Task description
What is needed is a word-for-word copy of all the entries, minus the pictures.

** Records for the task follows **

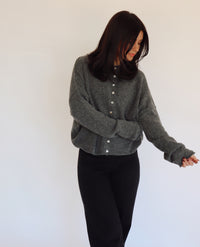Woman wearing a gray sweater cardigan with button details against a white background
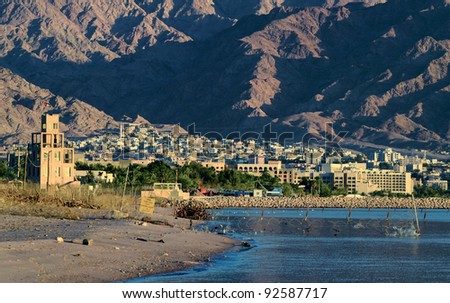 View on the border between Eilat (Israel) and Aqaba (Jordan) cities, both located on the northern beach of the gulf of Aqaba, Red Sea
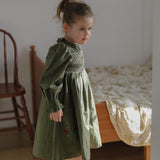 girl in a room wearing green sewn dress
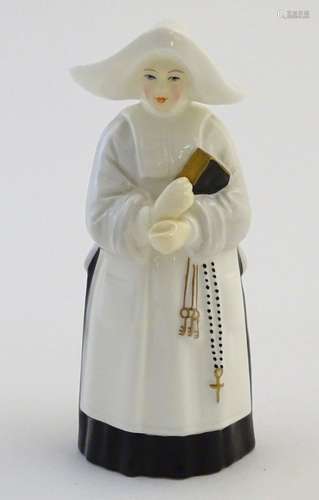 A Royal Worcester figural candle snuffer modelled as a nun. Marked within. Approx. 3 3/4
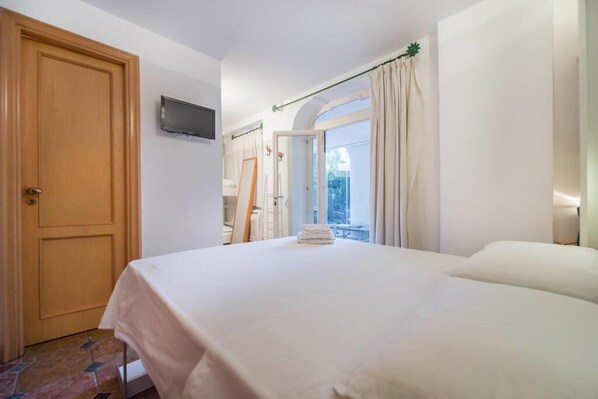 A hotel room with a bed, a television, a door, and a view of the outside.
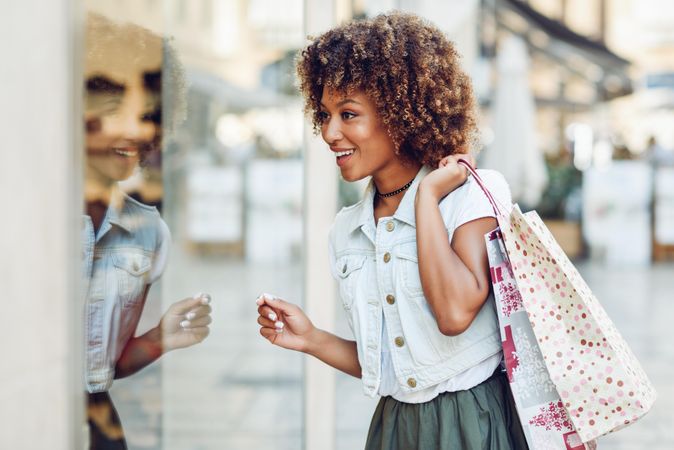 Happy woman standing on street with shopping bags looking at window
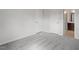 Bedroom with gray carpet and neutral walls and a doorway to a bathroom at 3008 Dog Rose Dr # 307, Durham, NC 27703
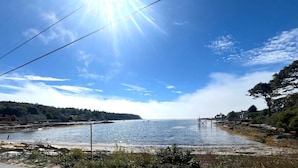 A coastal view with a pier extending into calm waters, surrounded by greenery and a clear sky. - Barnacle - quiet family Maine waterfront getaway (Harpswell)
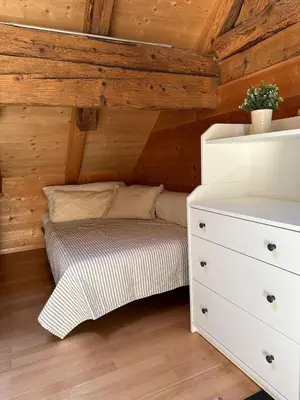 a small bedroom with a bed and a dresser at Charming Retreat for Nature Lovers near Saxerlücke in Sennwald
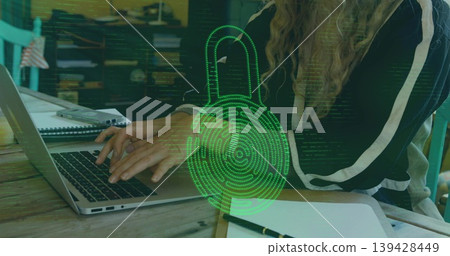 Typing woman in dark striped top at wooden table, using laptop, notebook, green padlock overlay Typing woman in dark striped top at wooden table, using laptop, notebook, green padlock overlay 139428449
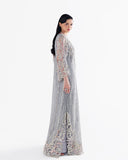 Side view of grey net suit showing beaded fringe skirt and embroidered bodice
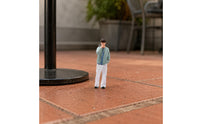 Thoughtful Pose Miniature Figurine Curly-Haired Hand-Painted Figurine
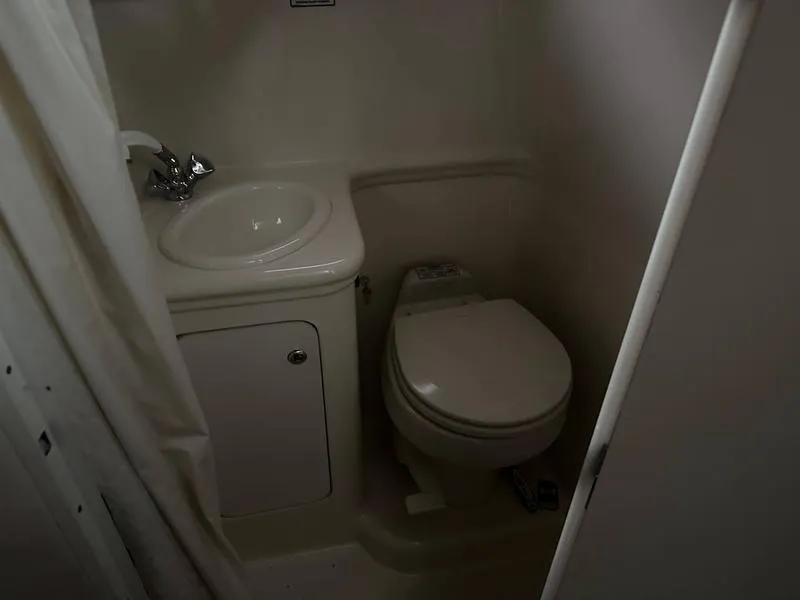 Slide: The Image of Interior of 2004 Sea Ray 260 Sundancer with beige seating and wood accents. - 14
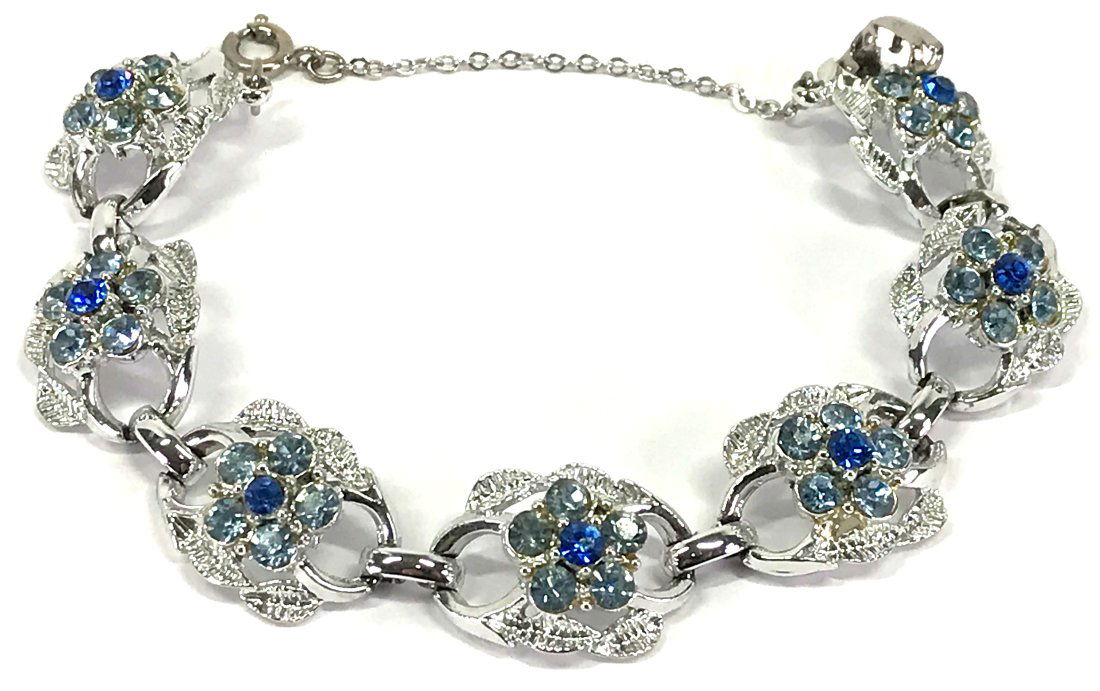 Vintage Coro crystals silvertone flowers & leaves bracelet.: Vintage Coro blue & sky blue crystals silvertone metal flowers & leaves bracelet. Marked Coro. Security chain.br>For measures please refer to the picture taken with a measuring tape. Weight: 22 Grams.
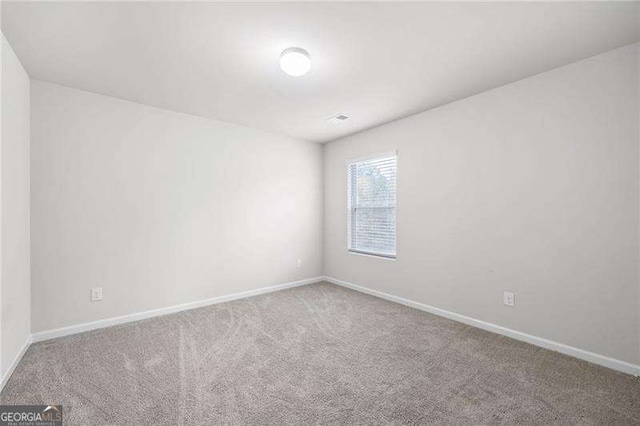 carpeted empty room featuring baseboards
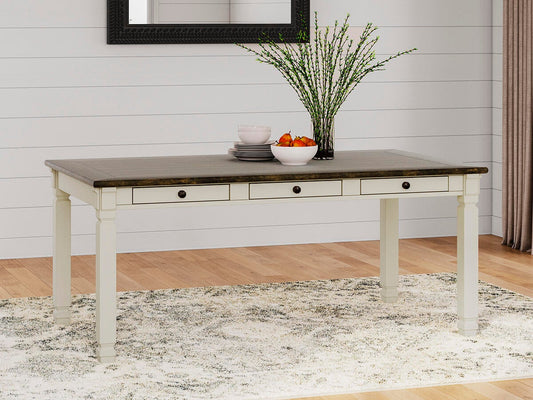 The Bolanburg Rectangular Dining Room Table with white legs and a dark top sits on a light patterned rug, decorated with a vase of branches, bowls, and a plate of fruit.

** End of Records for the task **

Solved problem
Woman wearing a gray sweater cardigan with button details against a white background
 View on the border between Eilat (Israel) and Aqaba (Jordan) cities, both located on the northern beach of the gulf of Aqaba, Red Sea
 girl in a room wearing green sewn dress
 A Royal Worcester figural candle snuffer modelled as a nun. Marked within. Approx. 3 3/4
 A hotel room with a bed, a television, a door, and a view of the outside.
 Happy woman standing on street with shopping bags looking at window
 Bedroom with gray carpet and neutral walls and a doorway to a bathroom at 3008 Dog Rose Dr # 307, Durham, NC 27703
 A coastal view with a pier extending into calm waters, surrounded by greenery and a clear sky. - Barnacle - quiet family Maine waterfront getaway (Harpswell)
 a small bedroom with a bed and a dresser at Charming Retreat for Nature Lovers near Saxerlücke in Sennwald
 Typing woman in dark striped top at wooden table, using laptop, notebook, green padlock overlay Typing woman in dark striped top at wooden table, using laptop, notebook, green padlock overlay 139428449
 Side view of grey net suit showing beaded fringe skirt and embroidered bodice
 Thoughtful Pose Miniature Figurine Curly-Haired Hand-Painted Figurine
 Slide: The Image of Interior of 2004 Sea Ray 260 Sundancer with beige seating and wood accents. - 14
 Vintage Coro crystals silvertone flowers & leaves bracelet.: Vintage Coro blue & sky blue crystals silvertone metal flowers & leaves bracelet. Marked Coro. Security chain.br>For measures please refer to the picture taken with a measuring tape. Weight: 22 Grams.
 carpeted empty room featuring baseboards
 The Bolanburg Rectangular Dining Room Table with white legs and a dark top sits on a light patterned rug, decorated with a vase of branches, bowls, and a plate of fruit.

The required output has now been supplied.